$\beta$-decay Measurements Near the $N=40$ Island of Inversion to Quantify Cooling of Accreted Neutron Star Crusts

By combining total absorption $\gamma$-spectroscopy and $\beta$-delayed neutron emission data to constrain ground-state to ground-state $\beta$-decay strengths of neutron-rich nuclei near the $N=40$ island of inversion, this study reveals weaker transitions than previously predicted, indicating reduced neutrino cooling efficiency in accreted neutron star crusts.

The Gist

Imagine a neutron star as a cosmic pressure cooker. It's a dead star so dense that a teaspoon of its material would weigh a billion tons. When this star is part of a pair with another star, it acts like a cosmic vacuum cleaner, sucking up gas and dust from its partner. As this "accreted" material piles up on the neutron star's surface, it gets crushed under immense pressure, heating the star's outer crust to temperatures hotter than the core of our Sun.

Sometimes, this heat builds up until the star explodes in a massive flash of X-rays called a "superburst." But even when the star is quiet, it slowly cools down. Astronomers watch this cooling process to understand what the inside of these stars is made of.

The Problem: The "Leak" in the Cooling System
To understand the cooling, scientists need to know about a specific nuclear process called the Urca process. Think of the neutron star's crust as a crowded dance floor.
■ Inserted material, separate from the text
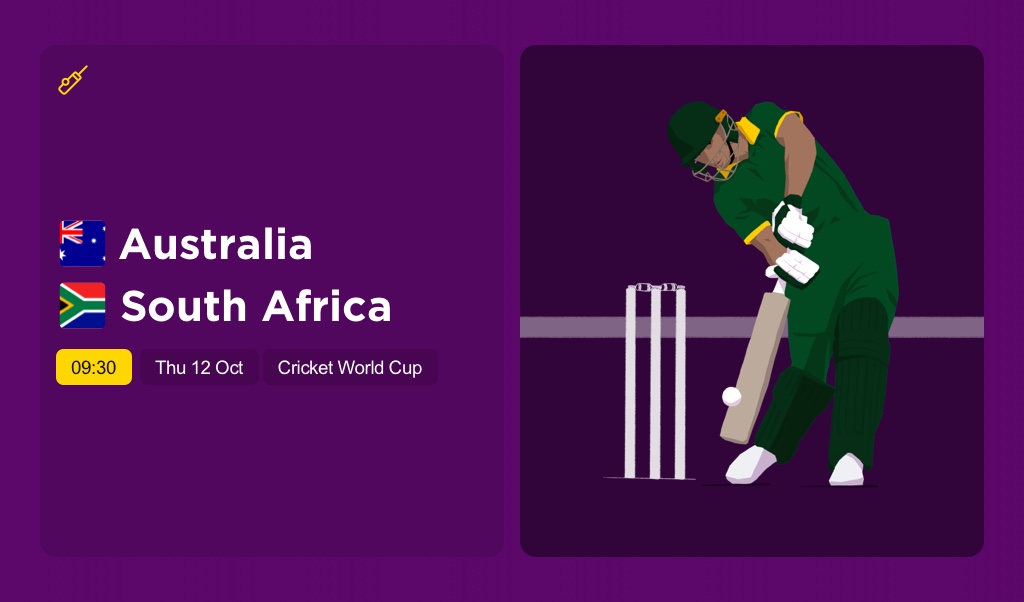 THE EDGE Thurs: Cricket World Cup: AUSTRALIA v SOUTH AFRICA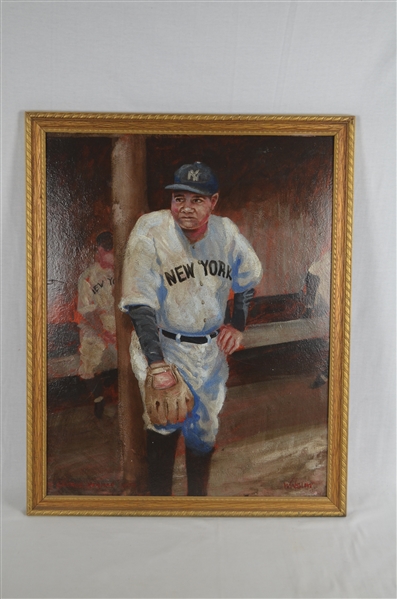 Rare George Herman "Babe" Ruth Oil Painting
• Electron Capture: An electron (a tiny particle) gets squeezed into an atomic nucleus, turning a proton into a neutron and shooting out a ghostly particle called a neutrino.
• Beta Decay: Later, that new neutron turns back into a proton, shooting out another neutrino.

Every time this cycle happens, a neutrino escapes into space, carrying away heat. It's like a tiny leak in the pressure cooker. If these leaks are big and frequent, the crust cools down very fast. If they are small, the crust stays hot.

For years, computer models predicted that these "leaks" (specifically in certain heavy atoms like Titanium and Scandium) were huge, meaning the crust should cool down very quickly. But when astronomers looked at real data, the stars seemed to stay hotter than the models predicted. Something was wrong with the math.

The Experiment: Catching the Ghosts
The scientists in this paper went to the National Superconducting Cyclotron Laboratory (a giant particle accelerator in Michigan) to fix the math. They wanted to measure exactly how often these specific atoms (Titanium-57, Scandium-57, and Titanium-59) perform the Urca "dance."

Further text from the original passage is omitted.